▸ **About this exercise**: Write out the data below exactly, from its first line to the line containing "Austin, Texas États-Unis, novembre", that line included.

▸ **Source data**:
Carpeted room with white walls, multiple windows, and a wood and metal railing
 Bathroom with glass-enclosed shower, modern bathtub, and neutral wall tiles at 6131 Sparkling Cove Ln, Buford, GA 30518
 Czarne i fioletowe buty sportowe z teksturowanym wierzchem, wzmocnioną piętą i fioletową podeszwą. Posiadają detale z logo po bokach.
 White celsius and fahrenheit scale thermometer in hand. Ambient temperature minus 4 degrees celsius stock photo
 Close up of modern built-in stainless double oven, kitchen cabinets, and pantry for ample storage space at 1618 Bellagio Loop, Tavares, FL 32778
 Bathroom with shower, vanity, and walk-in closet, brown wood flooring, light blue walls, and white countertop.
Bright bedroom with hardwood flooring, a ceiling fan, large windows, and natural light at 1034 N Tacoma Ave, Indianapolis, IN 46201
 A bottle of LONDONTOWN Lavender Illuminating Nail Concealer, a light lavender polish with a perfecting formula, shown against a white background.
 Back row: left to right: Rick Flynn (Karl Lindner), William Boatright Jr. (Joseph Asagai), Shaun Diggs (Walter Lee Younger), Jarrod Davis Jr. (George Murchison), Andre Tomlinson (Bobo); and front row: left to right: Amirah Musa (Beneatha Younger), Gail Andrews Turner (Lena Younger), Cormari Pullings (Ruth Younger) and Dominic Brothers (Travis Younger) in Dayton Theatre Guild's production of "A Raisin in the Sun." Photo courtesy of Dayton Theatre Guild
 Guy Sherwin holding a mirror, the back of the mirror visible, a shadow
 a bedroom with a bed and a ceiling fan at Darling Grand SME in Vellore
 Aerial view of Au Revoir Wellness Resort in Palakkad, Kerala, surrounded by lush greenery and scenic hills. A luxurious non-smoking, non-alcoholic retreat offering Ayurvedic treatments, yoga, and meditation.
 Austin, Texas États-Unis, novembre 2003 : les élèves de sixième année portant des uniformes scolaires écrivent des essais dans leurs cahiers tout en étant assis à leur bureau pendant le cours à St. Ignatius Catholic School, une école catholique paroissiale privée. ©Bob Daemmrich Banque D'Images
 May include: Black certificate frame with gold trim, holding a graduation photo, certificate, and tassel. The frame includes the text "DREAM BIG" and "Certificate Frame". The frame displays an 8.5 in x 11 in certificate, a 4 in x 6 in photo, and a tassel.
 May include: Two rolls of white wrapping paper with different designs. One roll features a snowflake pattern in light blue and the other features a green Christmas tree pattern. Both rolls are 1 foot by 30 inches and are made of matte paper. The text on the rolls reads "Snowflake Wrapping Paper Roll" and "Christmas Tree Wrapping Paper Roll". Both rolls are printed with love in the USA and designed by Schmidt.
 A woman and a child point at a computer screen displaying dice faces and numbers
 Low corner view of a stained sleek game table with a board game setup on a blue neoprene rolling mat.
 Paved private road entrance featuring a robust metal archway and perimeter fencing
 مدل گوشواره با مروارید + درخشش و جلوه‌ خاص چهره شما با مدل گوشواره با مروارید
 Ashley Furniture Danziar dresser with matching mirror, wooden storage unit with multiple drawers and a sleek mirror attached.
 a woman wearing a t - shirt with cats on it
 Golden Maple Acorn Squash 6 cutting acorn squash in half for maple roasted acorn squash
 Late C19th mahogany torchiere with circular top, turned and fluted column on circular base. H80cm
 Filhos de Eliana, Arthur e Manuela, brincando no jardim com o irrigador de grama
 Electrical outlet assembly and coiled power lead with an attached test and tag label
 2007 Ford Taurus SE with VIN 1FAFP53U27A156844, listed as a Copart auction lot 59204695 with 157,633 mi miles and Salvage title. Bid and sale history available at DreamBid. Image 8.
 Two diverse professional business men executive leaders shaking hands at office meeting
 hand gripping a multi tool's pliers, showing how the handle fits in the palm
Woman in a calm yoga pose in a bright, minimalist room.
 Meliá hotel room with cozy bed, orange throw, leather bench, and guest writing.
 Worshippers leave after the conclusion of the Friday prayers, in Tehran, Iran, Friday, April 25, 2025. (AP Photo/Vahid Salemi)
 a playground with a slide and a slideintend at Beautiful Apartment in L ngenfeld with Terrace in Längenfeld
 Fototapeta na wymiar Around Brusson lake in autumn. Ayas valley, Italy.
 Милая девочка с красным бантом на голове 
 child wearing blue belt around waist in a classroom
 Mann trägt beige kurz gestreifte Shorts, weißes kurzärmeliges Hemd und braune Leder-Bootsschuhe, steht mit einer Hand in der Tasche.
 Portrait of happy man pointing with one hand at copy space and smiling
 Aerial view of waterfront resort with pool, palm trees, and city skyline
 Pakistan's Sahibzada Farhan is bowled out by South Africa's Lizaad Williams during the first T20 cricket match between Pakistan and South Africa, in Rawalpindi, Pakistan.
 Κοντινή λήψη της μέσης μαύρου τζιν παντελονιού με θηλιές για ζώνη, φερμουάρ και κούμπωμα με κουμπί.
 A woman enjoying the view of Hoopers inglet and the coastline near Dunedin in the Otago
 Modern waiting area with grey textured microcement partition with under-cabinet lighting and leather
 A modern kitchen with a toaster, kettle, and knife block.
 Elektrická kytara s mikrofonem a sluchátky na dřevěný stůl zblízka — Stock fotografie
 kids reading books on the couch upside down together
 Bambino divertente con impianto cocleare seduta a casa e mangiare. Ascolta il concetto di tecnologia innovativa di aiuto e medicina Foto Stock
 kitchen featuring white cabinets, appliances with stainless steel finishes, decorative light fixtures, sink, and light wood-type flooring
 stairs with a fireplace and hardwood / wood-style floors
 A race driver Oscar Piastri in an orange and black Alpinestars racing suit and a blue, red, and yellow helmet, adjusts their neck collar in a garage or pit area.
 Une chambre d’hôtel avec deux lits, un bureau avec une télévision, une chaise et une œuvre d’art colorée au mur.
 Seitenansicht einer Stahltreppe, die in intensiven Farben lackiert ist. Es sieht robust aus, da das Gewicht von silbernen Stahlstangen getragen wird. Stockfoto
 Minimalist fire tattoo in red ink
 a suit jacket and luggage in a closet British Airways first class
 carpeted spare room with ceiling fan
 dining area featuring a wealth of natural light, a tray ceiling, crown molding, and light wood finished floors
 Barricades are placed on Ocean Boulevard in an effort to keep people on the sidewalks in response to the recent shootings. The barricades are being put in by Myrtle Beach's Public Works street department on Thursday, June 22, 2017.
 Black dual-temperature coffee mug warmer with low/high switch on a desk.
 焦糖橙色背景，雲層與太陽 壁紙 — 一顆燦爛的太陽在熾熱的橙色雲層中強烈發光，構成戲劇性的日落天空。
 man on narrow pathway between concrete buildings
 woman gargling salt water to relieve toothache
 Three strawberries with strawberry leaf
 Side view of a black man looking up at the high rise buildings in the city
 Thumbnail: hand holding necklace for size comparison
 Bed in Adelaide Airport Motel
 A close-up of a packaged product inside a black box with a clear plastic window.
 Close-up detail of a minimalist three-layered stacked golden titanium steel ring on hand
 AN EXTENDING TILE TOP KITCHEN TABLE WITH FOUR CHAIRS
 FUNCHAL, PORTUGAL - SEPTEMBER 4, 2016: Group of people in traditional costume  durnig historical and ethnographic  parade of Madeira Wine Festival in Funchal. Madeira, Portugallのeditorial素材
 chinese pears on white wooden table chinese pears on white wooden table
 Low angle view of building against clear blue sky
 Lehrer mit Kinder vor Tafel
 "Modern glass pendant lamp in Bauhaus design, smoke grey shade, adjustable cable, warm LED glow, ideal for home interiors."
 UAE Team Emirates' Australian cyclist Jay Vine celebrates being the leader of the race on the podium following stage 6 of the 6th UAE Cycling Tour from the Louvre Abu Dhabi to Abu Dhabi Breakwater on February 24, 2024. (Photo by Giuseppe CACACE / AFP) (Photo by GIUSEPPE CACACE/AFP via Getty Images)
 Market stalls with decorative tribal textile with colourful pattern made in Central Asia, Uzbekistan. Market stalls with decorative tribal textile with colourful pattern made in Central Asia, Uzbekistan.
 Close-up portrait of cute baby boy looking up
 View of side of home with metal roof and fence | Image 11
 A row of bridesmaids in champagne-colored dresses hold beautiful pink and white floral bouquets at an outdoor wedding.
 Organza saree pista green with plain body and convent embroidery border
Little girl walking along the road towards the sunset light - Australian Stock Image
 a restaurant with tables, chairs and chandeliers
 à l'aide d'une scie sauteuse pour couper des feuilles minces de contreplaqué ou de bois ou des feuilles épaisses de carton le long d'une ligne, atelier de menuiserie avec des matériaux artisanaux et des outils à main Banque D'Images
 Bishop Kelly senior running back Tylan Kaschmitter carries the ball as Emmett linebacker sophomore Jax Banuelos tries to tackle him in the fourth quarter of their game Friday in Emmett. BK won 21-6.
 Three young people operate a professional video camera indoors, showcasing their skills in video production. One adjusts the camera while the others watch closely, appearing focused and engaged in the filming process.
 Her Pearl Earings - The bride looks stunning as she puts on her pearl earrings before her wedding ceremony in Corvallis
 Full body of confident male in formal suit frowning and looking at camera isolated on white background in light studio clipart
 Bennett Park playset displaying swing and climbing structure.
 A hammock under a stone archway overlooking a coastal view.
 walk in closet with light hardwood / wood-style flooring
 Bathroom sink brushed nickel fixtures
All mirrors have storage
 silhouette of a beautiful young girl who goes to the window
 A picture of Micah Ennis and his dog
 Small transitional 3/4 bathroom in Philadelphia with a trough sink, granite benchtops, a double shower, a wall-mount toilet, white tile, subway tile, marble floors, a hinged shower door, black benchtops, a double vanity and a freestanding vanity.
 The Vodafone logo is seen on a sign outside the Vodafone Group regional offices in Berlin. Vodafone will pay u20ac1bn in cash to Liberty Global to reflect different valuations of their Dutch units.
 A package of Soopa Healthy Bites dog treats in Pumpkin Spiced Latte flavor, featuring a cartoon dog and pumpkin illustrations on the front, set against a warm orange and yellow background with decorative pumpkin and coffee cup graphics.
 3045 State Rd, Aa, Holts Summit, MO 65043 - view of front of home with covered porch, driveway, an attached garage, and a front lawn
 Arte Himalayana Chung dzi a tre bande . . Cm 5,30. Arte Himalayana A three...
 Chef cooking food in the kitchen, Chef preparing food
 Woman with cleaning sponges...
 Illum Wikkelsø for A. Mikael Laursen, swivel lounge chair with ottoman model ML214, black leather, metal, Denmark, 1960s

▸ **Exercise response**:
Carpeted room with white walls, multiple windows, and a wood and metal railing
 Bathroom with glass-enclosed shower, modern bathtub, and neutral wall tiles at 6131 Sparkling Cove Ln, Buford, GA 30518
 Czarne i fioletowe buty sportowe z teksturowanym wierzchem, wzmocnioną piętą i fioletową podeszwą. Posiadają detale z logo po bokach.
 White celsius and fahrenheit scale thermometer in hand. Ambient temperature minus 4 degrees celsius stock photo
 Close up of modern built-in stainless double oven, kitchen cabinets, and pantry for ample storage space at 1618 Bellagio Loop, Tavares, FL 32778
 Bathroom with shower, vanity, and walk-in closet, brown wood flooring, light blue walls, and white countertop.
Bright bedroom with hardwood flooring, a ceiling fan, large windows, and natural light at 1034 N Tacoma Ave, Indianapolis, IN 46201
 A bottle of LONDONTOWN Lavender Illuminating Nail Concealer, a light lavender polish with a perfecting formula, shown against a white background.
 Back row: left to right: Rick Flynn (Karl Lindner), William Boatright Jr. (Joseph Asagai), Shaun Diggs (Walter Lee Younger), Jarrod Davis Jr. (George Murchison), Andre Tomlinson (Bobo); and front row: left to right: Amirah Musa (Beneatha Younger), Gail Andrews Turner (Lena Younger), Cormari Pullings (Ruth Younger) and Dominic Brothers (Travis Younger) in Dayton Theatre Guild's production of "A Raisin in the Sun." Photo courtesy of Dayton Theatre Guild
 Guy Sherwin holding a mirror, the back of the mirror visible, a shadow
 a bedroom with a bed and a ceiling fan at Darling Grand SME in Vellore
 Aerial view of Au Revoir Wellness Resort in Palakkad, Kerala, surrounded by lush greenery and scenic hills. A luxurious non-smoking, non-alcoholic retreat offering Ayurvedic treatments, yoga, and meditation.
 Austin, Texas États-Unis, novembre 2003 : les élèves de sixième année portant des uniformes scolaires écrivent des essais dans leurs cahiers tout en étant assis à leur bureau pendant le cours à St. Ignatius Catholic School, une école catholique paroissiale privée. ©Bob Daemmrich Banque D'Images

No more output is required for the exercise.